Italy's Push to Secure UNESCO Heritage Status for its Culinary Traditions

The Italian government officially submitted the candidacy of the Italian cuisine as this year's candidate to join the UNESCO list of Intangible Cultural Heritage of Humanity, along with the Mediterranean Diet. The initiative was taken by the Ministers of Agriculture and Food Sovereignty, Francesco Lollobrigida, and the Minister of Culture, Gennaro Sangiuliano.

The dossier will be transmitted by the Ministry of Foreign Affairs and International Cooperation to UNESCO and the evaluation process should be completed by December 2025.
In its candidacy dossier, Italian cuisine is defined as a "combination of social practices, rituals and gestures based on the many local flavours that, without hierarchy, identify it and mark it out. This mosaic of traditions reflects the country's biocultural diversity and is based on the common denominator of conceiving the moment of preparation and consumption of the meal as an occasion for sharing and talking." 

Why this UNESCO list of Intangible Cultural Heritage of Humanity candidacy?

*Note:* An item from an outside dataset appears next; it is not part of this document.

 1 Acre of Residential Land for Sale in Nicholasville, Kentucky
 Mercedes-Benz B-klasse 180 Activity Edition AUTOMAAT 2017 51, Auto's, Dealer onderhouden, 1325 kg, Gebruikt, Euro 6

Italian cuisine is known all over the world, it’s probably what Italians are best known for, it’s a great brand and it’s a great business.
The Ministry of Foreign Affairs and International Cooperation has been promoting for years the "Week of Italian Cuisine in the World" which is the annual thematic review dedicated to the promotion of Italian cuisine and quality agri-food products, promoted by its network of Embassies, Consulates, Italian Cultural Institutes and the Italian Trade Agency (ITA) offices abroad.
This week is a celebration of the essential relationship binding the Italian gastronomic heritage to its territories of origin, the richness and variety of the culinary traditions of the Italian territories.

Moreover, in 2022 Italy exported over 60 billion worth of agri-food products with the European Union being our first partner and the United States the first extra-European market. It’s a huge market with still great potential.
Also, Italians are very proud about their food and take it very very seriously. And despite all our efforts to be open minded, we still grimace in disgust watching a pasta recipe that requires all the ingredients to be mixed raw and then cooked in the oven. We do have a kind of obsession with our cuisine. And this government seems to be very proud of our culinary traditions as well.


What is the difference between the Mediterranean Diet and the Italian Cuisine?

I have to admit, when I heard that Italian Cuisine was a candidate for UNESCO Intangible Heritage I was a little surprised. I thought that the Mediterranean diet comprised all the values, traditions and rituals that make our cuisine special and so appreciated everywhere.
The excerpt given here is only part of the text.